SPD will unterirdisch bleiben

Designiertes Berliner Spitzenduo stellt Ausbaupläne für U-Bahn-Netz vor.

  • Nicolas Šustr
  • Lesedauer: 5 Min.
Wollen mehr Tunnel für Berlin: Abgeordnetenhaus-Fraktionschef Raed Saleh (links), Neuköllns Bezirksbürgermeister Martin Hikel und Bundesfamilienminsterin Franziska Giffey (alle SPD)
Wollen mehr Tunnel für Berlin: Abgeordnetenhaus-Fraktionschef Raed Saleh (links), Neuköllns Bezirksbürgermeister Martin Hikel und Bundesfamilienminsterin Franziska Giffey (alle SPD)

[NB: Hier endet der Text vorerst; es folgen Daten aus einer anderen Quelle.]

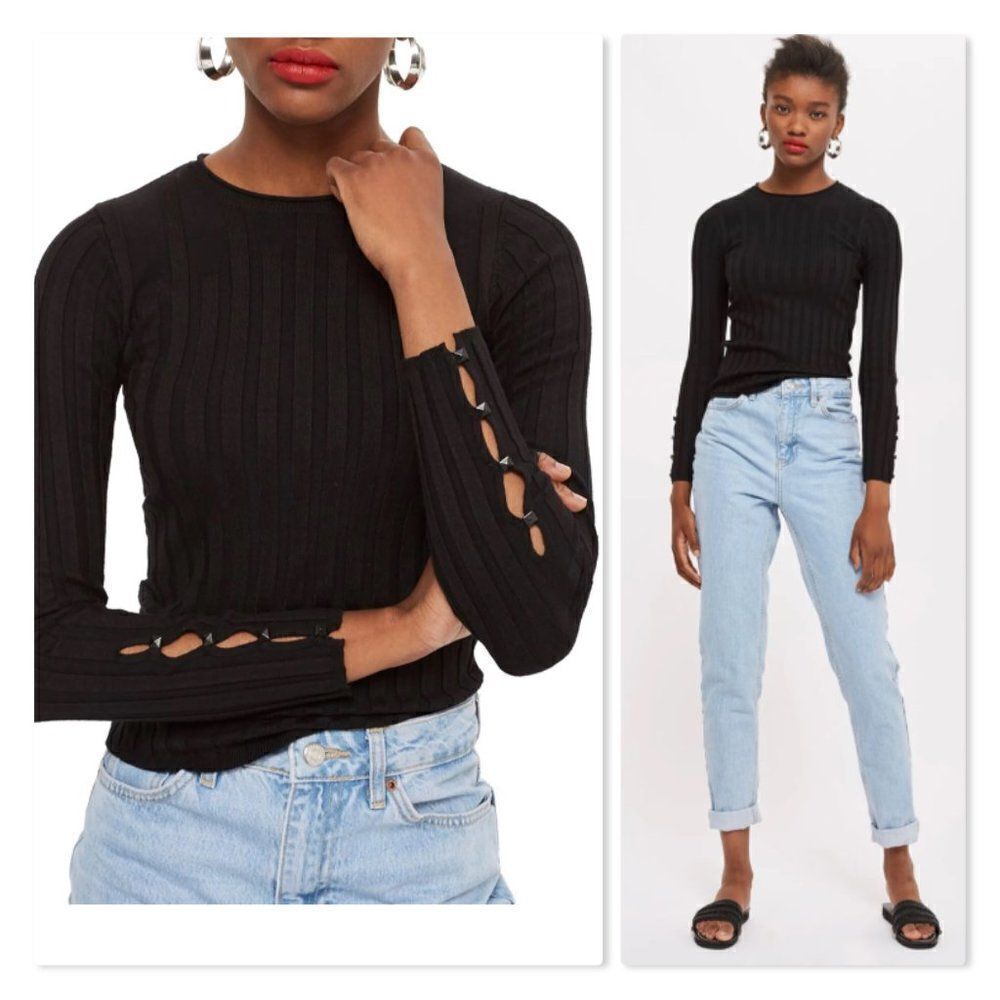 Topshop Button Sleeve Ribbed Sweater - size 4 in Black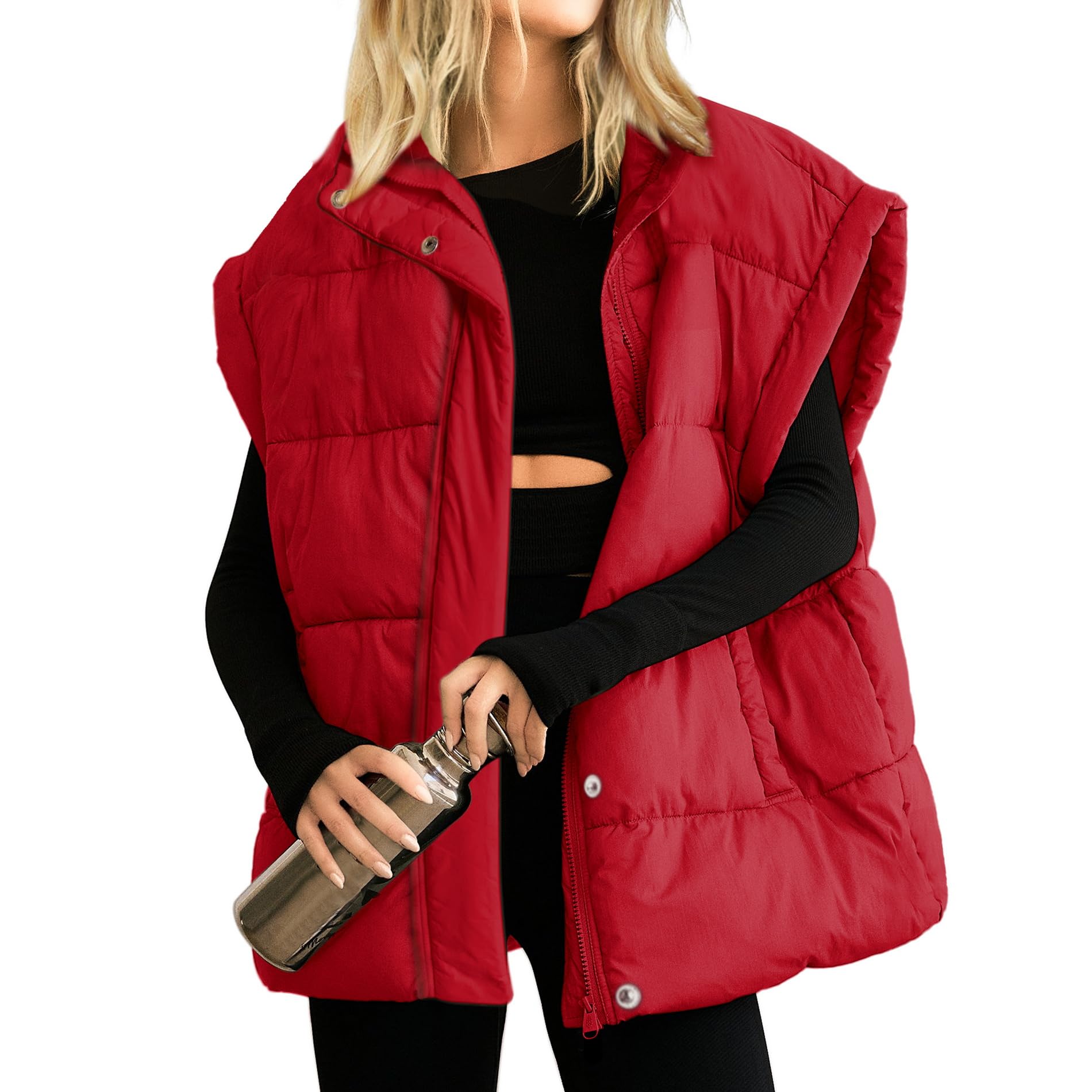 Women's Oversized Stand Collar Full Zip Puffer Vest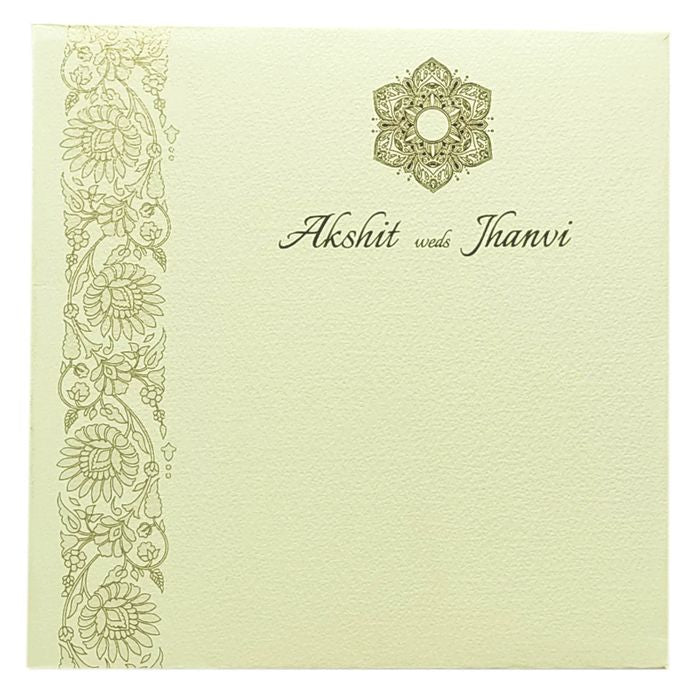 White Floral Padded Invitation Card-King of Cards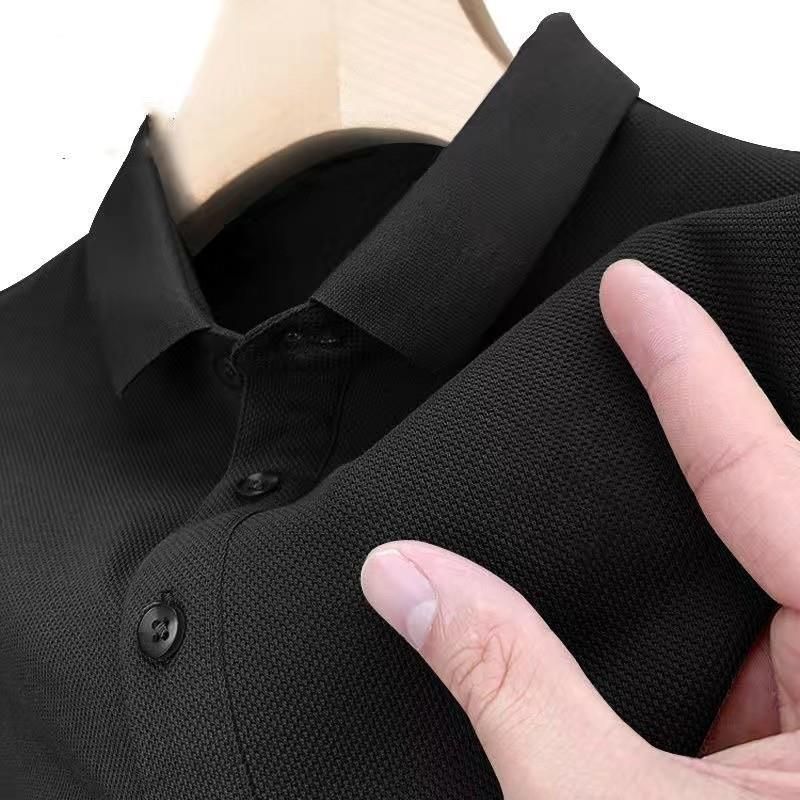 Senma Group GENIOLAMODE T-shirt a maniche corte per l'estate polo in cotone perlato, versatile top da uomo_voghion.com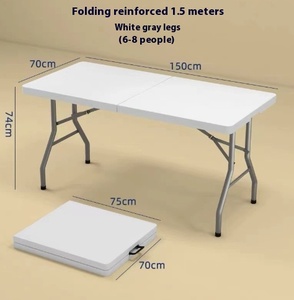 Mesa y silla portátil de plástico rectangular blanca de 8 pies/6 pies para exteriores, silla de comedor blanca, mesa y sillas plegables para eventos - Product Image 4
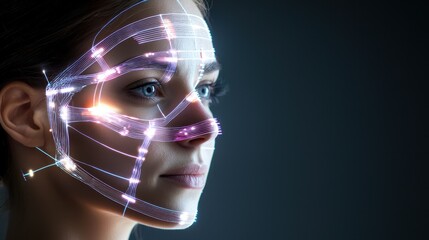 Futuristic Woman with Digital Facial Mapping and Neon Light Effects for Technology Art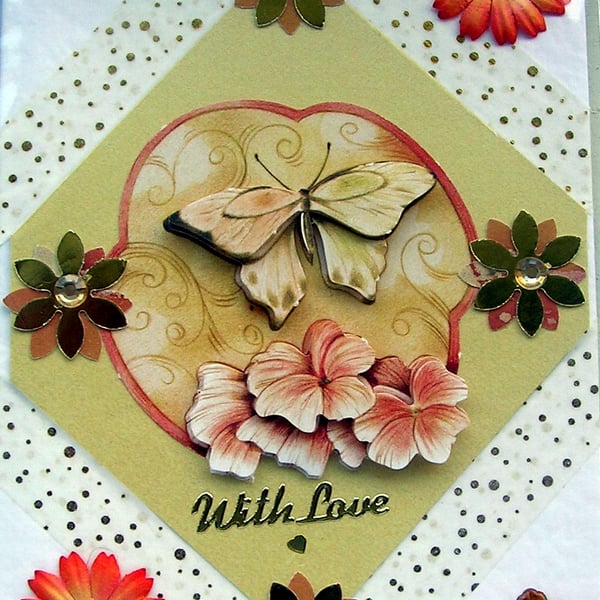 Butterfly & Flowers - Hand Crafted Decoupage Greeting Card - With Love 2788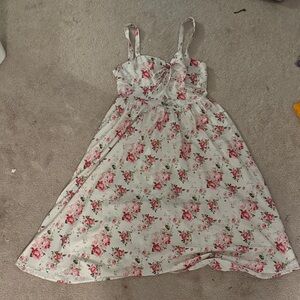 SHEIN Floral Maxi Dress - Pink and White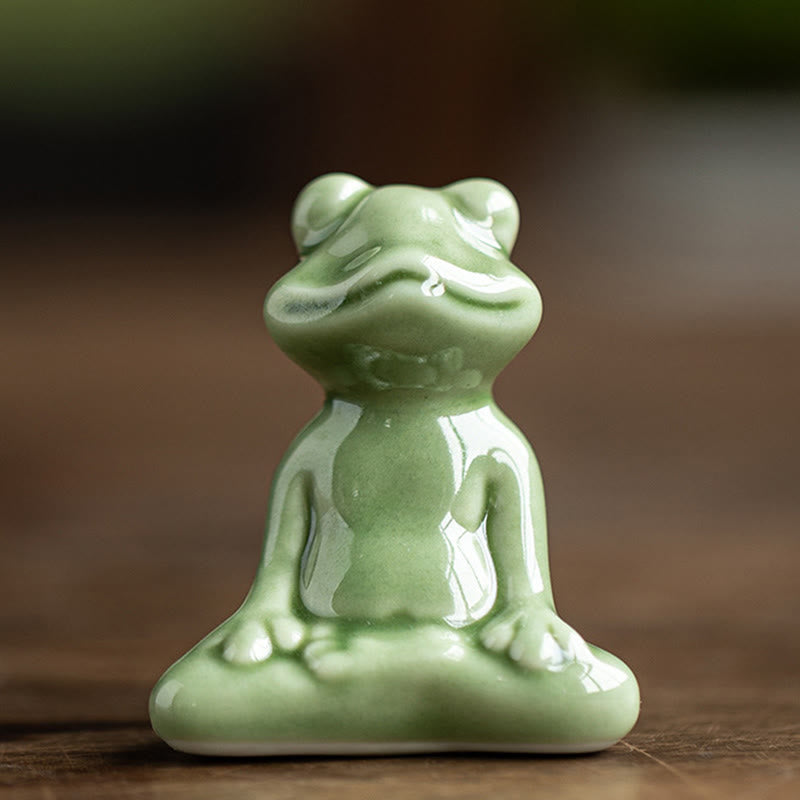 Nimara Ritual Mini Small Meditation Lotus Resting Frog Ceramic Wealth Luck Home Tea Pet Figurine Decoration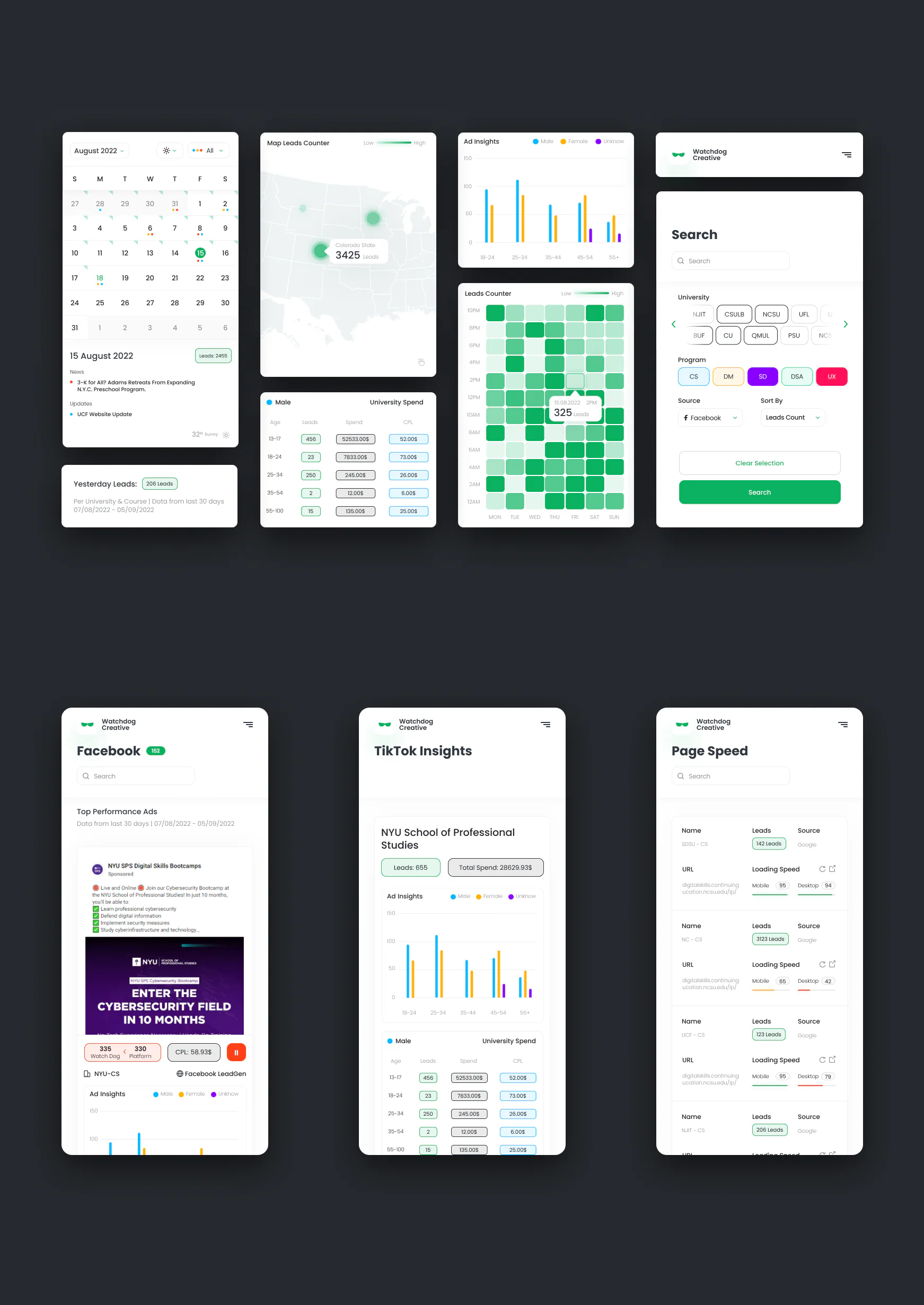Responsive WatchDog Creative mobile views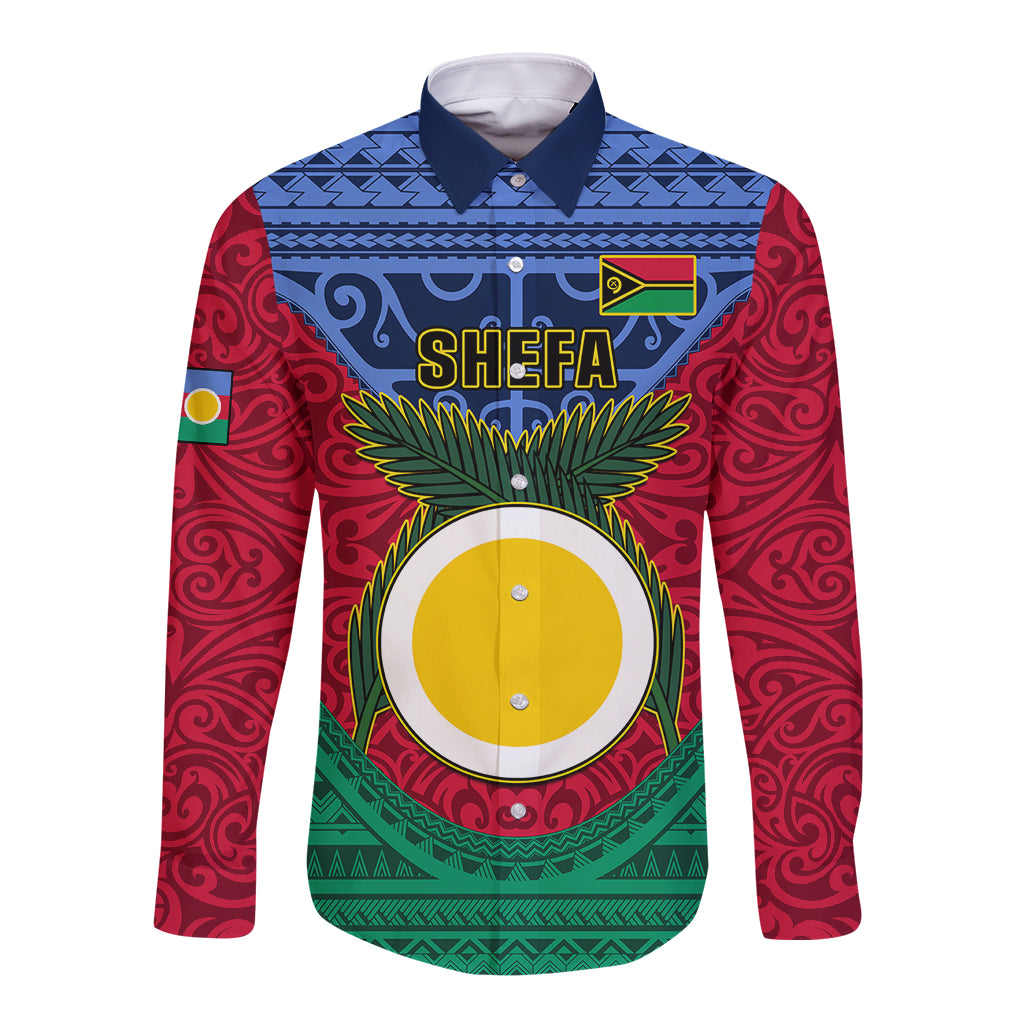 Vanuatu Shefa Province Long Sleeve Button Shirt Coat Of Arms And Namele Fern Polynesian Pattern LT05 Unisex Red - Polynesian Pride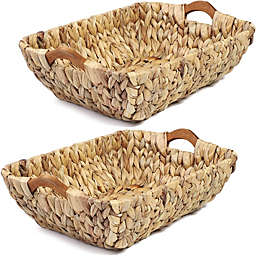 Juvale Hand Woven Wicker Storage Baskets (2 Pack)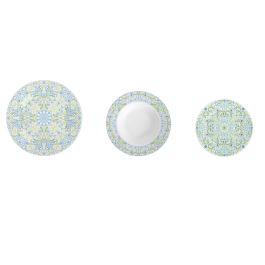 DKD Home Decor Vajilla Completa de Porcelana, Diseño Árabe con Azulejos, 18 Piezas en Tonos Verde y Azul, 27x27x3 cm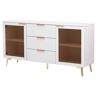 63.00 in. W x 15.70 in. D x 32.30 in. H White Linen Cabinet with Three Drawers and Metal Handles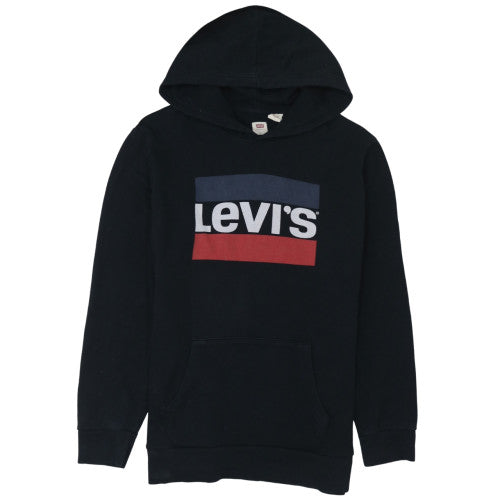 Levi's Men's Black Pullover Hoodie L Fleece Graphic Logo Sweatshirt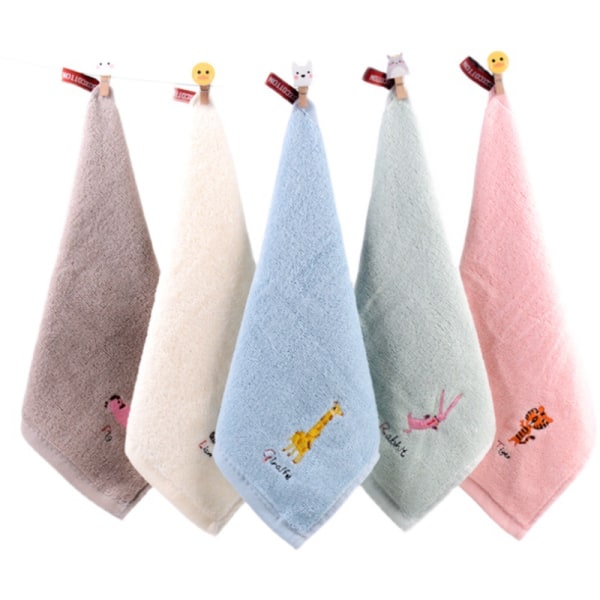 5-pak børnevaskeklude - Bløde håndklæder - 5 farver - Babybadehåndklæde - 25 x 25 cm - Flerfarvet
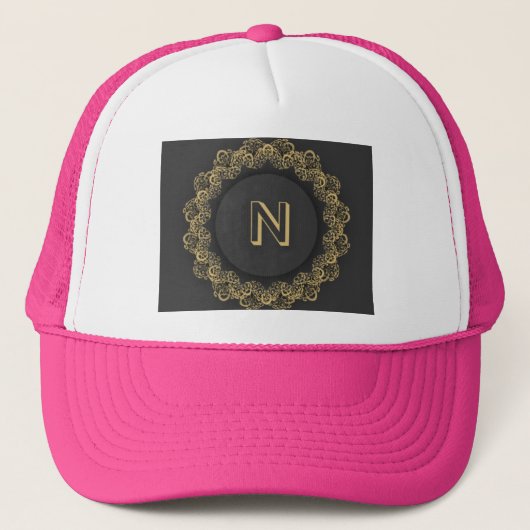 N Letter Initial Monogram Circle Hot Pink Color Truckerkappe (Vorderseite)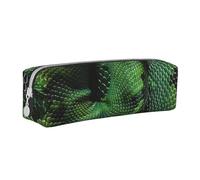 KCGSDEGV Simpatico astuccio con pelle di serpente verde stampato astuccio portapenne portapenne scuola cancelleria organizzatore matita scatola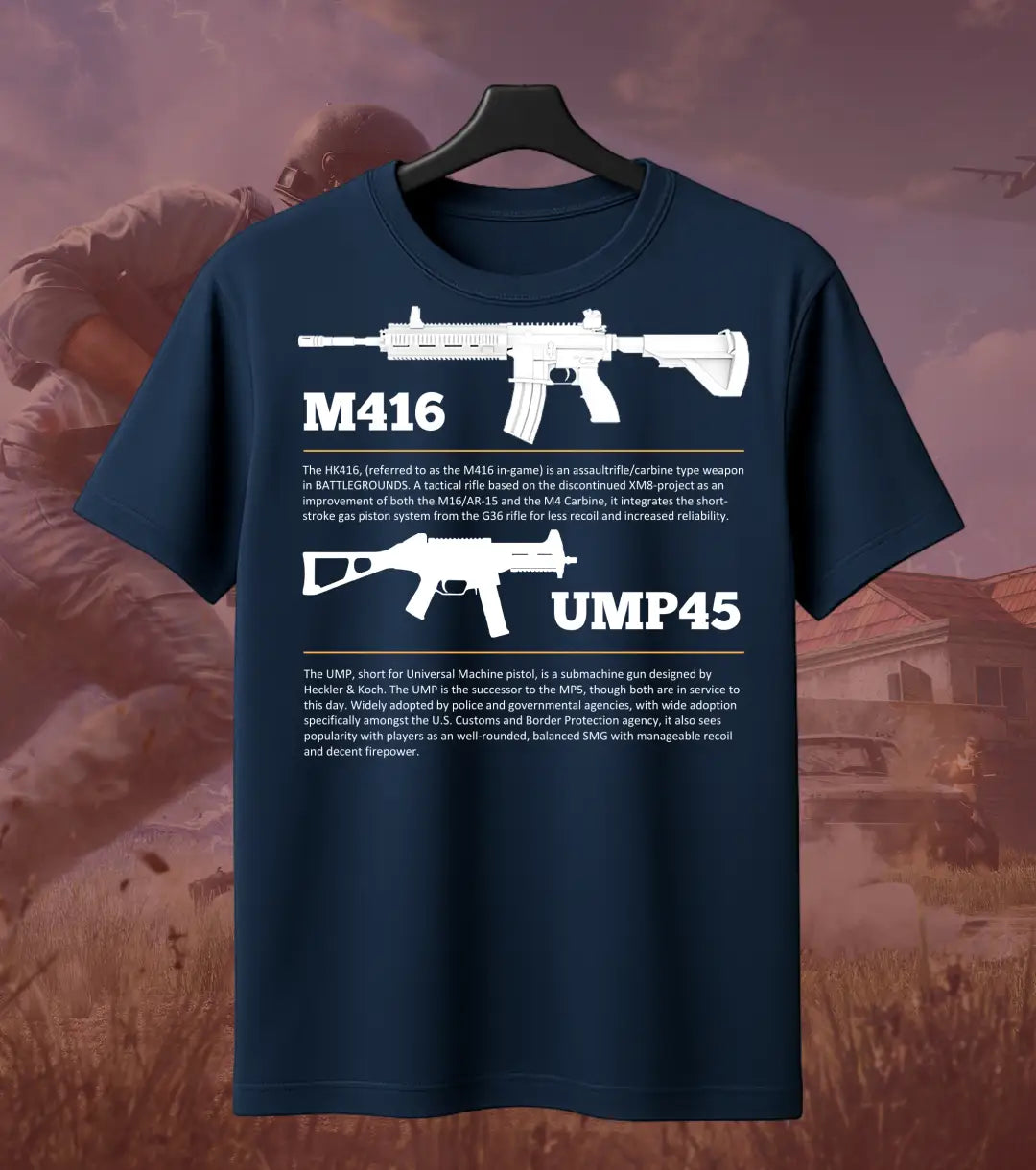 BGMI M4 Combo T-Shirt | PUBG Battle Royale Weapon Tee - S / Navy / UMP45 - BGMI/PUBG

Action am U-Bahnhof Johannisthaler Chaussee in Berlin-Gropiusstadt am Freitagmorgen. Die Berliner Verkehrsbetriebe kontrollieren von allen Aussteigern die Fahrkarten. Ein Jugendlicher, gerade einem vollgesprühten Zug entstiegen, rennt weg, touchiert einen Kontrolleur, rennt wieder in die andere Richtung und wird schließlich an der Bahnsteigkante von vier Polizisten zu Boden gebracht.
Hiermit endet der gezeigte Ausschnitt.